THE PROBLEM: Write out every line of the material exactly as it appears.

━━━ MATERIAL PROVIDED ━━━

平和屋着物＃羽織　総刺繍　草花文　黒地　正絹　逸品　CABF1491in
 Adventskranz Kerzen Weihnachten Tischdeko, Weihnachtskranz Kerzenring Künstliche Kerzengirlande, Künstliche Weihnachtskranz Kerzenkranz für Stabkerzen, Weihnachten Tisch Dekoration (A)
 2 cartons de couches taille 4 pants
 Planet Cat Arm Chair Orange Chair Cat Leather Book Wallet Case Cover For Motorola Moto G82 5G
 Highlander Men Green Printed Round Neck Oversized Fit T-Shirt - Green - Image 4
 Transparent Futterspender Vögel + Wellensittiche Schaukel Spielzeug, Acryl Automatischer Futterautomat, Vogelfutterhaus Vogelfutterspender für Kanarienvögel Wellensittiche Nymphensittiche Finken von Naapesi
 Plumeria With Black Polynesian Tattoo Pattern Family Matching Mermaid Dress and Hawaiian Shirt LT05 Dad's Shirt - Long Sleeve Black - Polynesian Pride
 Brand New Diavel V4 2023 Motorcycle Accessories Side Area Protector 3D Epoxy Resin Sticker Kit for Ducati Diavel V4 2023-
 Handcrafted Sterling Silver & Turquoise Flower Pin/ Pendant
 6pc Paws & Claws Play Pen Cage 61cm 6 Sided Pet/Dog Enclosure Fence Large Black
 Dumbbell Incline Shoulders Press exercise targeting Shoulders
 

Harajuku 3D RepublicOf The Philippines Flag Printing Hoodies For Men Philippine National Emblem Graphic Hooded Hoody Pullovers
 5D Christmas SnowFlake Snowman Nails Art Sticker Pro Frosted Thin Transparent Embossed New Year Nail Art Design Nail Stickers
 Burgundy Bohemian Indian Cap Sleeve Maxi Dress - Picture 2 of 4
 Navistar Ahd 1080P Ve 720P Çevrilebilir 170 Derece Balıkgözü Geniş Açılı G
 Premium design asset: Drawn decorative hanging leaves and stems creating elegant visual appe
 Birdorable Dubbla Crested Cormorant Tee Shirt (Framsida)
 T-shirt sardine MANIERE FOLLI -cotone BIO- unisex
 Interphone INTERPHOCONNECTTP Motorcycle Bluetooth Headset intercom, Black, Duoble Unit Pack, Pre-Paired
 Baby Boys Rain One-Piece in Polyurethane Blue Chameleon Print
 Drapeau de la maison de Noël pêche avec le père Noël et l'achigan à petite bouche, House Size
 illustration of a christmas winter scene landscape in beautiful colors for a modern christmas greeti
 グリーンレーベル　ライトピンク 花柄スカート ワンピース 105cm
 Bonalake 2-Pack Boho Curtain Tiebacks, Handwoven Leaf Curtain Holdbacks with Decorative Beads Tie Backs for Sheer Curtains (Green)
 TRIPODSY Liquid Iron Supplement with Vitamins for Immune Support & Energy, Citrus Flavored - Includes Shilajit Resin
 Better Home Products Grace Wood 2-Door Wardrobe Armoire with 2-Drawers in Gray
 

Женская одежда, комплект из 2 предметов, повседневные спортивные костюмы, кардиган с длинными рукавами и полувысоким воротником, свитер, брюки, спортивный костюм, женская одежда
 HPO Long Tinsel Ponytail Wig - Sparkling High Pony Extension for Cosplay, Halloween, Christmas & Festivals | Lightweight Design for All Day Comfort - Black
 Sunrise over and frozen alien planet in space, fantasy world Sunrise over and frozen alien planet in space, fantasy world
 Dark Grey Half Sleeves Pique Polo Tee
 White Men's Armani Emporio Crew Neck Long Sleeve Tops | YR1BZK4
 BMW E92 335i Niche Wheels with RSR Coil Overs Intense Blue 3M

━━━

YOUR RESPONSE:
平和屋着物＃羽織　総刺繍　草花文　黒地　正絹　逸品　CABF1491in
 Adventskranz Kerzen Weihnachten Tischdeko, Weihnachtskranz Kerzenring Künstliche Kerzengirlande, Künstliche Weihnachtskranz Kerzenkranz für Stabkerzen, Weihnachten Tisch Dekoration (A)
 2 cartons de couches taille 4 pants
 Planet Cat Arm Chair Orange Chair Cat Leather Book Wallet Case Cover For Motorola Moto G82 5G
 Highlander Men Green Printed Round Neck Oversized Fit T-Shirt - Green - Image 4
 Transparent Futterspender Vögel + Wellensittiche Schaukel Spielzeug, Acryl Automatischer Futterautomat, Vogelfutterhaus Vogelfutterspender für Kanarienvögel Wellensittiche Nymphensittiche Finken von Naapesi
 Plumeria With Black Polynesian Tattoo Pattern Family Matching Mermaid Dress and Hawaiian Shirt LT05 Dad's Shirt - Long Sleeve Black - Polynesian Pride
 Brand New Diavel V4 2023 Motorcycle Accessories Side Area Protector 3D Epoxy Resin Sticker Kit for Ducati Diavel V4 2023-
 Handcrafted Sterling Silver & Turquoise Flower Pin/ Pendant
 6pc Paws & Claws Play Pen Cage 61cm 6 Sided Pet/Dog Enclosure Fence Large Black
 Dumbbell Incline Shoulders Press exercise targeting Shoulders
 

Harajuku 3D RepublicOf The Philippines Flag Printing Hoodies For Men Philippine National Emblem Graphic Hooded Hoody Pullovers
 5D Christmas SnowFlake Snowman Nails Art Sticker Pro Frosted Thin Transparent Embossed New Year Nail Art Design Nail Stickers
 Burgundy Bohemian Indian Cap Sleeve Maxi Dress - Picture 2 of 4
 Navistar Ahd 1080P Ve 720P Çevrilebilir 170 Derece Balıkgözü Geniş Açılı G
 Premium design asset: Drawn decorative hanging leaves and stems creating elegant visual appe
 Birdorable Dubbla Crested Cormorant Tee Shirt (Framsida)
 T-shirt sardine MANIERE FOLLI -cotone BIO- unisex
 Interphone INTERPHOCONNECTTP Motorcycle Bluetooth Headset intercom, Black, Duoble Unit Pack, Pre-Paired
 Baby Boys Rain One-Piece in Polyurethane Blue Chameleon Print
 Drapeau de la maison de Noël pêche avec le père Noël et l'achigan à petite bouche, House Size
 illustration of a christmas winter scene landscape in beautiful colors for a modern christmas greeti
 グリーンレーベル　ライトピンク 花柄スカート ワンピース 105cm
 Bonalake 2-Pack Boho Curtain Tiebacks, Handwoven Leaf Curtain Holdbacks with Decorative Beads Tie Backs for Sheer Curtains (Green)
 TRIPODSY Liquid Iron Supplement with Vitamins for Immune Support & Energy, Citrus Flavored - Includes Shilajit Resin
 Better Home Products Grace Wood 2-Door Wardrobe Armoire with 2-Drawers in Gray
 

Женская одежда, комплект из 2 предметов, повседневные спортивные костюмы, кардиган с длинными рукавами и полувысоким воротником, свитер, брюки, спортивный костюм, женская одежда
 HPO Long Tinsel Ponytail Wig - Sparkling High Pony Extension for Cosplay, Halloween, Christmas & Festivals | Lightweight Design for All Day Comfort - Black
 Sunrise over and frozen alien planet in space, fantasy world Sunrise over and frozen alien planet in space, fantasy world
 Dark Grey Half Sleeves Pique Polo Tee
 White Men's Armani Emporio Crew Neck Long Sleeve Tops | YR1BZK4
 BMW E92 335i Niche Wheels with RSR Coil Overs Intense Blue 3M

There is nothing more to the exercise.